Here is my code for this part

<?php

<?php
$q = "SELECT cname FROM course ";
$result = mysql_query($q);
$course = mysql_fetch_array($result);

?>
<div id="apdiv3">

<FORM action = "demo.php" method ="post">

<p>Course name:</p>
<select name="cname"> <OPTION> <?php echo $course['cname']; ?> </option> </SELECT>

?>

 

It only displays 1 item from my course table. What am I doing wrong?

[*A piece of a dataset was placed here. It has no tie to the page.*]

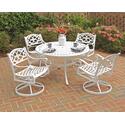 Biscayne 5PC Dining Set 42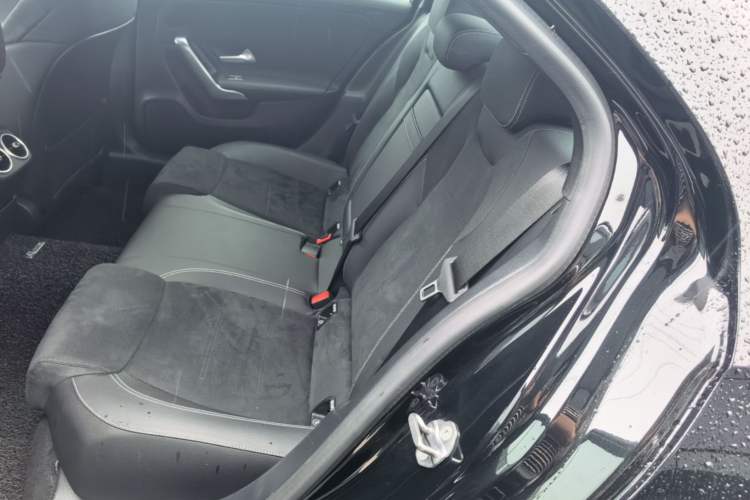 Used Mercedes-Benz A-Class 2019 A 200 L Sport Sedan Left Rear Seat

And also please explain so I can learn from my mistakes

[Muddy_Funster]

You are only selecting the top level result that is returned in the array.  You will need to run through the array in order to get what you want out.

<div id="apdiv3">

<FORM action = "demo.php" method ="post">

<p>Course name:</p>
<select name="cname"> 
<?php
$q = "SELECT cname FROM course ";
$result = mysql_query($q);
WHILE ($course = mysql_fetch_array($result)){
echo "<OPTION> value='{$course['cname']}'>{$cource['cname']}</option>";
      }
echo " </SELECT>"

 

Should do it.  You also need to look into how to form <option>'s better.

[quelle]

Just add the opperator "." before "=" cuz like this you are going trough ur db results and displaying only last one !

[Muddy_Funster]

Just add the opperator "." before "=" cuz like this you are going trough ur db results and displaying only last one !

erm...now your just being silly.

[Johnnyboy123]

Ah I see. Working fine now. Thanks alot guys

[Muddy_Funster]

No worries, remember to mark as solved (bottom left of the page)